Then there’s my parents’ little white dog, Rascal, who runs to the door whenever he hears me in the driveway or letting myself into the house. Rascal is ‘daddy’s doggie’ — unless Linda’s around! But I tell my dad there’s no worry: Rascal just loves me because when I take him for walks, I wait for him to sniff every little thing he wants to investigate.
And, especially, when a grieving son stutters and stammers and swallows his words, trying to get out expressions of love for his mother and his sense of loss at her passing over to heaven, the truest form of sympathy is just waiting, letting him find the words in his heart.

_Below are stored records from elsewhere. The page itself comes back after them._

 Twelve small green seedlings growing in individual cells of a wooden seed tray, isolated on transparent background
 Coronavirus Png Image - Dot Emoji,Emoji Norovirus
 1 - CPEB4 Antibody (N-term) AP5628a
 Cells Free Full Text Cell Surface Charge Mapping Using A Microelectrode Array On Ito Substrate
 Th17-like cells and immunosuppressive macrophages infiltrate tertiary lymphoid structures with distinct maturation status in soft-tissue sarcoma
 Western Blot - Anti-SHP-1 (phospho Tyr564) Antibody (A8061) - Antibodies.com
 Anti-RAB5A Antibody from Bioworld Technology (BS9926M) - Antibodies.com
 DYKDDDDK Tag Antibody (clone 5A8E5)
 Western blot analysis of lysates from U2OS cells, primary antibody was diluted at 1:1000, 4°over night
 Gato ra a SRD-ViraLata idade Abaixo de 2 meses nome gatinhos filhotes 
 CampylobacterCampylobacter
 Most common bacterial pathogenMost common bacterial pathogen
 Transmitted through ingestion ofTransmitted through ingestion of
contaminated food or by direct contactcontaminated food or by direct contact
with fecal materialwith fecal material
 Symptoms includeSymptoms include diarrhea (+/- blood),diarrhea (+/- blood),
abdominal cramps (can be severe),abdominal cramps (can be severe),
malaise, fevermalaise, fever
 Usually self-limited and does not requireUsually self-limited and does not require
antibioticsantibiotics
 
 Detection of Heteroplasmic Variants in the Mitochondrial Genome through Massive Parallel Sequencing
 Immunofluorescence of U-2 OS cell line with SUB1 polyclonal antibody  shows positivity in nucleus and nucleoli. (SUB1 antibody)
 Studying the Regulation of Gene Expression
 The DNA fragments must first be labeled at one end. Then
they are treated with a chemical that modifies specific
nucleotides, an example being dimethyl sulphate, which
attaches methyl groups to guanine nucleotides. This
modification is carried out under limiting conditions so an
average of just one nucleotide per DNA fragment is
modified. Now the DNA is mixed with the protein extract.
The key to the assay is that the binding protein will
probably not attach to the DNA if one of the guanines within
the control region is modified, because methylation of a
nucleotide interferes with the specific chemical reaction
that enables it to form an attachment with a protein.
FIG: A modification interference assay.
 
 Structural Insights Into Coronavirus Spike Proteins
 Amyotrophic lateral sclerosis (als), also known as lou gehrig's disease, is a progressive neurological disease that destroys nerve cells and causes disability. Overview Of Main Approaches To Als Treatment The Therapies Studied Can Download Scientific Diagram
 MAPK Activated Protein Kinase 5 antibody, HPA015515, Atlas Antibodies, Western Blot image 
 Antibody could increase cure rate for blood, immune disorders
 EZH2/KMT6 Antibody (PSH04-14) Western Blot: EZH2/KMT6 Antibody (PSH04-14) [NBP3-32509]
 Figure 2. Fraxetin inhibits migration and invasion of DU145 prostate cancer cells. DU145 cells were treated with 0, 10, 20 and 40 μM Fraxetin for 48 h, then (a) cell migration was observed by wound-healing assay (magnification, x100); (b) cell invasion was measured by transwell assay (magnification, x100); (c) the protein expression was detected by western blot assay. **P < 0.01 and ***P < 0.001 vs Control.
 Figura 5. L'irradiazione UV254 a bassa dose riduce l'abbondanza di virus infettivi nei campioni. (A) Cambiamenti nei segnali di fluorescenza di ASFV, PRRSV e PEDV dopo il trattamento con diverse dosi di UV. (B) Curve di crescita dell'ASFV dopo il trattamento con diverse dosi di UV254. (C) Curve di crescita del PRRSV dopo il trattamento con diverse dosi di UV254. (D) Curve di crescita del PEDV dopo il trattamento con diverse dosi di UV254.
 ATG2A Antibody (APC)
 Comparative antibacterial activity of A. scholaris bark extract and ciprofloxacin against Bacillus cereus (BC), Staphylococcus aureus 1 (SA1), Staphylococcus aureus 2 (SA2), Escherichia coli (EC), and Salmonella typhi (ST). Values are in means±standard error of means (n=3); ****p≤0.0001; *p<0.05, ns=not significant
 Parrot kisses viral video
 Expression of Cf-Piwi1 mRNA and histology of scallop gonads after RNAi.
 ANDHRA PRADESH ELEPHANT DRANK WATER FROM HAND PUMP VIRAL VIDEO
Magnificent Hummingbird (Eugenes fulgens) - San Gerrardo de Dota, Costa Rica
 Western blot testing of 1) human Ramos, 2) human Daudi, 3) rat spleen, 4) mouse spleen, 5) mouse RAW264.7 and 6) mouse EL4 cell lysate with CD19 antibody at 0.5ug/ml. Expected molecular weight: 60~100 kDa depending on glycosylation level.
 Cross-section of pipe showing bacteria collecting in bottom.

What is it, you wonder, that connects these stories? Through these and other experiences, I have learned that a large part of helping others is simply waiting. Note that I am not saying here that I have learned to wait, nor am I saying that this makes it ok for me to keep other people waiting. What I have learned is that waiting is an important part of helping.
Even God tells us to wait. Psalms 62:5, of God’s inspired Word says, “Let all that I am wait quietly before God, for my hope is in him.” (NLT) When we wait on the Lord, he refreshes us, so we can better continue our service to him (Isaiah 40:31).
I planted a group of flowers for my mom, checking each label for the name of that color. The last one was white, so, thinking, ‘well, it’s white!’ I was about to skip the label reading. But just as I turned the flower out of its pot, I saw it: “Espero White.” Espero is Spanish for the first person singular “I wait.” The word also has another meaning: “hope.”